_Work request_: In the entries that follow, copy exactly each line from the first through the line with "Calvin Klein Black Blazer Vest with Belt".

Excerpts from a dataset:
[Start of section]

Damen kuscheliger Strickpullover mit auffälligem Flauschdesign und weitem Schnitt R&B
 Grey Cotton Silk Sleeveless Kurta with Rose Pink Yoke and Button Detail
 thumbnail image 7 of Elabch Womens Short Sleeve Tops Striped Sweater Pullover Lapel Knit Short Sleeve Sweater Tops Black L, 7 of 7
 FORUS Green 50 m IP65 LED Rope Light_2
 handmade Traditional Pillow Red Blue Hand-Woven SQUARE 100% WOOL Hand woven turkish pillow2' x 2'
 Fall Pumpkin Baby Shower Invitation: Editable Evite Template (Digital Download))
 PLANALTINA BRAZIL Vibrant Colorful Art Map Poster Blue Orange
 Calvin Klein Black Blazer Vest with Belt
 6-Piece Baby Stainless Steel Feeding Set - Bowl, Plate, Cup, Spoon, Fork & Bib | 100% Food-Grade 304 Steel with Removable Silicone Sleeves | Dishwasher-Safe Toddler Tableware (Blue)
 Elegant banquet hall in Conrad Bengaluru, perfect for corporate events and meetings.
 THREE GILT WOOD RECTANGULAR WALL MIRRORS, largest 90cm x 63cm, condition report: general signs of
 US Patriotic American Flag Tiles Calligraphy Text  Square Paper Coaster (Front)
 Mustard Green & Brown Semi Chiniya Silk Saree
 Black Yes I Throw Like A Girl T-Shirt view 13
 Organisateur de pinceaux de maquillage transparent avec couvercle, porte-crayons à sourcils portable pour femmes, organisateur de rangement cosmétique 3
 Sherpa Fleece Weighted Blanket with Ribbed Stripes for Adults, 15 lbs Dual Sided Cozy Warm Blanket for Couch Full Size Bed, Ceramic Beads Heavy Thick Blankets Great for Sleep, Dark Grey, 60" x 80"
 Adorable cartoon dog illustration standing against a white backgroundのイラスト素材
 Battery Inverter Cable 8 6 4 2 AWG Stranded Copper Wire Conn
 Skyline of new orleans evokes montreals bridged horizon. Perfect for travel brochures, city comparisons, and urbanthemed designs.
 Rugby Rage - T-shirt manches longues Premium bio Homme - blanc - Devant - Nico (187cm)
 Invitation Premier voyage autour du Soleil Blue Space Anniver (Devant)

[End of section]

_Result_:
Damen kuscheliger Strickpullover mit auffälligem Flauschdesign und weitem Schnitt R&B
 Grey Cotton Silk Sleeveless Kurta with Rose Pink Yoke and Button Detail
 thumbnail image 7 of Elabch Womens Short Sleeve Tops Striped Sweater Pullover Lapel Knit Short Sleeve Sweater Tops Black L, 7 of 7
 FORUS Green 50 m IP65 LED Rope Light_2
 handmade Traditional Pillow Red Blue Hand-Woven SQUARE 100% WOOL Hand woven turkish pillow2' x 2'
 Fall Pumpkin Baby Shower Invitation: Editable Evite Template (Digital Download))
 PLANALTINA BRAZIL Vibrant Colorful Art Map Poster Blue Orange
 Calvin Klein Black Blazer Vest with Belt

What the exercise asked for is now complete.